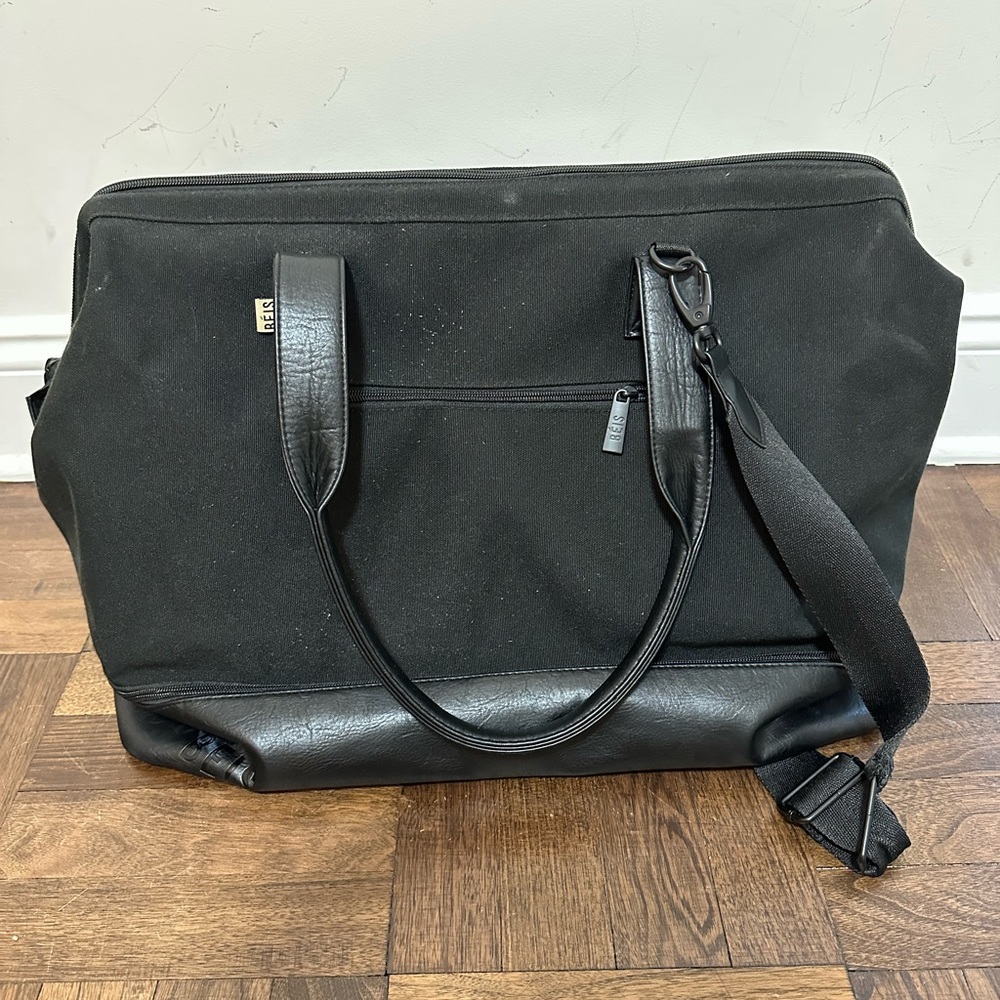 BEIS Weekender Bag in Black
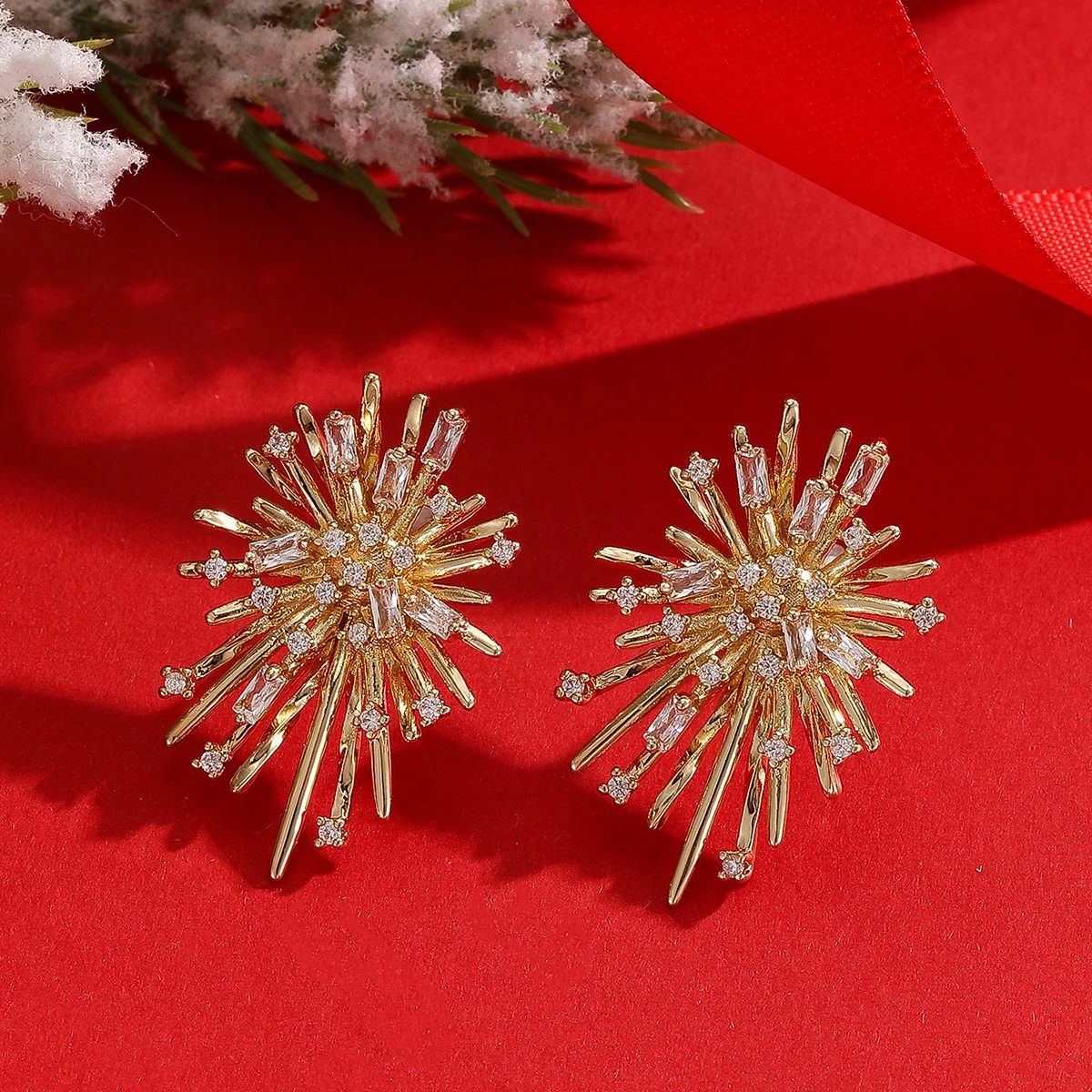 2025 new exquisite and high-end French retro metal snowflake earrings niche Haoshi light luxury fashionable earrings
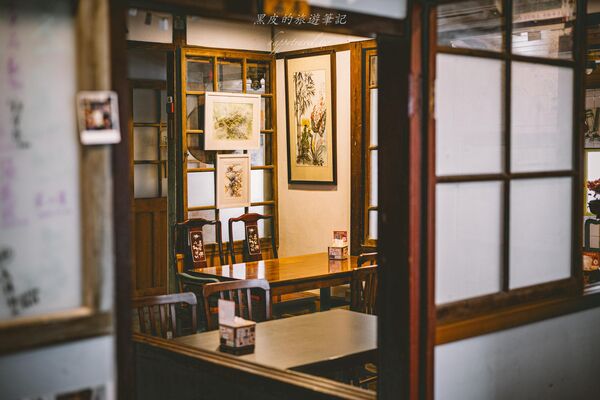 ▲▼朴子清木外科咖啡屋。（圖／黑皮的旅遊筆記授權提供）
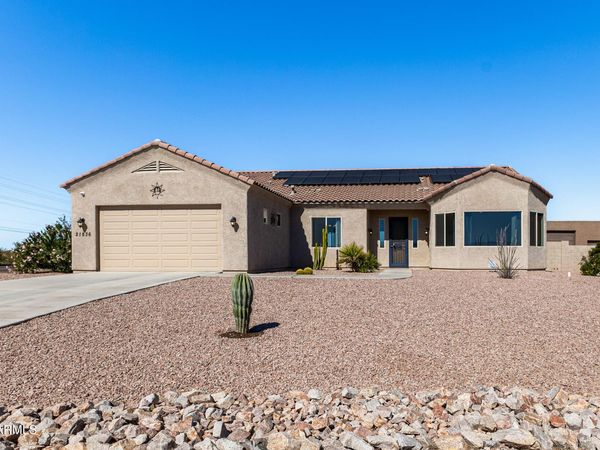21836 W QUAILS NEST, Wittmann, AZ 85361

○ ○ ○ ○

REQUIRED WORK — All of the lines above must be repeated without alteration, though the pictures are to be excluded.

TASK RESPONSE —
 BEIS Weekender Bag in Black
 2025 new exquisite and high-end French retro metal snowflake earrings niche Haoshi light luxury fashionable earrings
 ▲▼朴子清木外科咖啡屋。（圖／黑皮的旅遊筆記授權提供）
21836 W QUAILS NEST, Wittmann, AZ 85361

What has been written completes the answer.